Asking price is around $1million.  Without broker fee and some negotiations, I hope to settle with one of these two offers:

Offer 1:


Owner Financing:  10% down, 5% interest, 30 year amortization and 5 year balloon.

Year PI:  $55,080

Income:  $22,460

Offer 2:


Bank Financing:  25% down, 5% interest, 25 year amortization.

Yearly PI:  $47,352

Income:  $30,200

Strong job and rent market.  Occupancy can be reduced to 5% with some cosmetic improvements to freshen up the apartments.  I plan on reinvesting the capex budget of $22.5k/year back into the units for the first 5 years.  Rents can be increased from the $700 average to $750 average based on product in the market.  The older couple that owns them hasn't done much true management to the buildings to keep them running like a business. 

I know I am new to this, but this seems like a good deal right?

A little nervous to make the big leap financially, but the time is right.  I lost a lot of confidence about 12 years ago due to losing two children and still working to get it back.  Any and all input/encouragement would be greatly appreciated.  Thanks. 
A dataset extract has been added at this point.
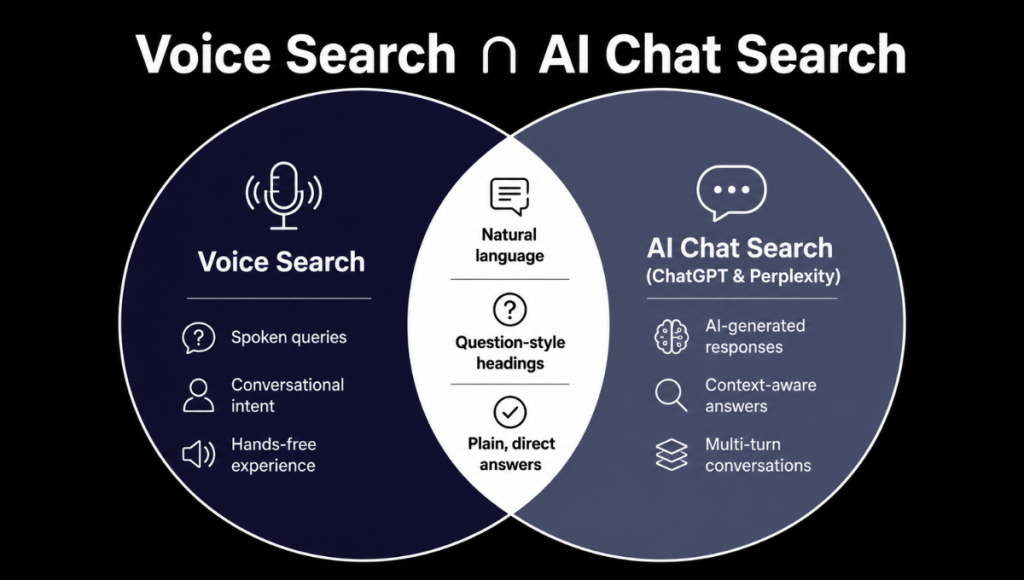 Voice Search ∩ AI Chat Search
Without digging too deep, your numbers look ok,  with one VERY BIG exception, management.  Put it in at 10%.

That drops your net to 62380. At $1mm it's about a 6 cap. 950k is a 6.7 cap. Both of those leave little room for error. At an 8 cap you're looking at 780k. 

Also, if you are driving for owner financing,  your spread between the owner financing and bank offer is way too low. 

Hope that helps.

Good luck, 


@Kelly Farley , although commercial is very new to you, it should only have taken one hour of reading up on it to know that you need to get a complete grasp on the local area market cap rate, right? Could you please share that number, here? James has given a useful response regarding the cap rate you'd be buying them at, if you paid $1M, $950k, or $780k.

But neither of those figures helps you, or helps us to help you, if we don't get told the market cap rate! You need to be very sure of that figure (range)! [Don't ask the Seller].

Your post shows you have a good head on your shoulders. All the best. Welcome to BP...

[Hint: Your offer should relate to current rent/return, not theoretical improvements you'll add!]


First, I believe you should underwrite expenses a little more conservatively (50-55% of income). Next, use any blend of financing that will allow you to put the least amount of money down. If that means using both a bank and seller financing then do that. You may need to offer a lower purchase price based on your new calculations if you factor in higher expenses. Make sure to get an inspection and use that as leverage to negotiate a lower price if some deferred maintenance is uncovered. Sounds like you're in a great place - get that confidence! Good luck!

As suggested cap rates are important to know in your area. The deal is tight at the value you suggest. If cap rates are on the 6 range I would pass but it is a personal decision based on your risk tolerances and goals.

My risk tolerances are very high but I require significantly higher returns for my risk than you are seeing.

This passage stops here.